Interpretation of an Auto SARIMAX model output in R

A comprehensive explanation of AR (AutoRegressive) and MA (Moving Average) models and their parameters.
statistics
time-series
R
Author

Abdullah Al Mahmud

Published

March 16, 2024

The model we run is this

library(forecast)
library(ggplot2)

# Create sample data
set.seed(123)
n <- 120
time <- 1:n

# Main time series with trend + seasonality
y <- 50 + 0.3*time + 10*sin(2*pi*time/12) + rnorm(n, 0, 5)

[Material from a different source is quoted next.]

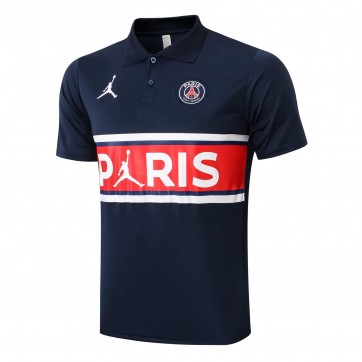 PSG Core Polo Shirt Navy 2021/22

# External variable (e.g., marketing spend)
x1 <- 20 + 0.1*time + rnorm(n, 0, 3)

# Convert to time series object
y_ts <- ts(y, frequency = 12)
x1_ts <- ts(x1, frequency = 12)

# Let R find optimal parameters
sarimax_model <- auto.arima(y_ts,
                            seasonal = TRUE,
                            stepwise = TRUE,
                            approximation = TRUE,
                            xreg = x1_ts)
summary(sarimax_model)

Now the output we get is

Interpretation

Here’s a comprehensive interpretation of our SARIMAX model output:

Model Structure

SARIMAX(2,0,1)(2,1,1)[12] with external regressor

  • Non-seasonal part: AR(2) + MA(1)
  • Seasonal part: Seasonal AR(2) + Seasonal MA(1) with seasonal differencing (D=1)
  • Seasonality: 12 months (monthly data)
  • External regressor: One predictor variable (xreg)

Coefficients Interpretation

Non-seasonal Components:

  • AR(1) = -0.75: Strong negative autoregressive effect - high values tend to be followed by low values
  • AR(2) = -0.09: Weak negative second-order autoregressive effect
  • MA(1) = 0.79: Strong moving average effect - shocks persist for one period

Seasonal Components (12-month cycle):

  • SAR(1) = -0.19: Moderate negative seasonal autoregressive effect
  • SAR(2) = 0.04: Very weak positive seasonal effect
  • SMA(1) = -0.85: Strong negative seasonal moving average - seasonal shocks reverse quickly

External Effects:

  • Drift = 0.26: Positive trend component (0.26 units increase per period)
  • xreg = 0.30: External variable has positive effect - 1 unit increase in xreg predicts 0.30 unit increase in y

Model Quality Assessment

Statistical Significance:

  • Significant coefficients: AR(1), MA(1), SMA(1), Drift (coefficient > 2× standard error)
  • Borderline: xreg (2.07× SE), SAR(1) (1.08× SE)
  • Insignificant: AR(2), SAR(2) (coefficient < SE)

Model Fit Statistics:

  • AIC = 666.56, BIC = 690.7: Good for model comparison (lower is better)
  • Log-likelihood = -324.28: Baseline for model comparison
  • σ² = 21.51: Error variance

Forecast Accuracy:

  • RMSE = 4.23: Average forecast error magnitude
  • MAE = 3.17: Average absolute error
  • MAPE = 4.72%: Excellent accuracy (error <5% of actual values)
  • MASE = 0.52: Model performs 48% better than naive forecast

Key Insights & Recommendations

Strengths:

  1. Excellent predictive accuracy (MAPE <5%)
  2. Strong seasonal patterns captured effectively
  3. Good model fit with reasonable complexity
  4. External variable adds value to predictions

Concerns:

  1. Over-parameterization: AR(2) and SAR(2) appear unnecessary
  2. Some coefficients borderline significant

Suggested Improvement:

# Try simplified model
better_model <- Arima(y_ts, order = c(1,0,1), seasonal = c(1,1,1), xreg = xreg)

Business Interpretation:

  • The time series shows strong seasonal patterns with 12-month cycles
  • There’s a positive underlying trend (0.26 units/period)
  • The external variable has moderate predictive power
  • Model provides highly accurate forecasts with ~4.7% average error

This is generally a good quality model that should provide reliable forecasts for business planning.